Ob er wohl gemerkt hatte, wie viel Kraft sie aufbringen musste, um bei ihm einen glaubhaften Eindruck von Gelassenheit zu erwecken?
Ob er wohl ahnte, dass ihr „weiß nicht so genau“ eigentlich einen Schutzschild darstellte, um nicht über die Einzelheiten des Geschehens reden zu müssen, über dieses grelle, bizarre, schmerzhafte Mosaik?
Und wenn? Würde sie es überhaupt fertigbringen, mit ihm über dieses dunkle Kapitel im Leben ihrer Familie zu reden?
Sie wusste nicht, ob die Unsicherheit oder ihr Unwille stärker war. Bisher war er doch schließlich auch mit ihren knappen Informationen, dass sie kurz nach dem Krieg wie ein Paket in einem Krankenhaus abgegeben, aber nie wieder abgeholt worden und bei einer Pflegemutter aufgewachsen war, durchaus zufrieden gewesen.

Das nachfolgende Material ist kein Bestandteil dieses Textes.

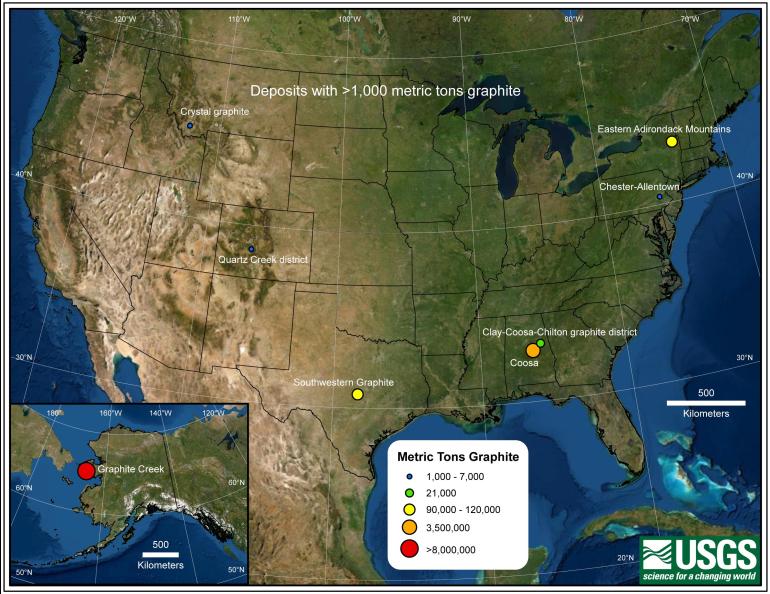 The map shows sites with more than 1,000 metric tons of contained graphite resource or past graphite production or both. This is approximately 3% of the average annual U.S. consumption of graphite between 2016 and 2020. U.S. Geological Survey map.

Wieso genügte ihm das plötzlich nicht mehr?
Ihre Kehle war wie ausgedörrt. Sie griff hinter ihren Sitz, fischte nach der Wasserflasche, fand sie aber nicht.
Sie wollte Zeit gewinnen und dehnte das Kramen aus.
Zeit?
Wofür?
Klaus schien ihr vergebliches Bemühen, die Wasserflasche zu finden, wenig amüsiert aus den Augenwinkeln zu beobachten, aber er sagte nichts dazu. Nur die Musik aus dem Radio und die Geräusche des Fahrtwindes zerteilten die Stille.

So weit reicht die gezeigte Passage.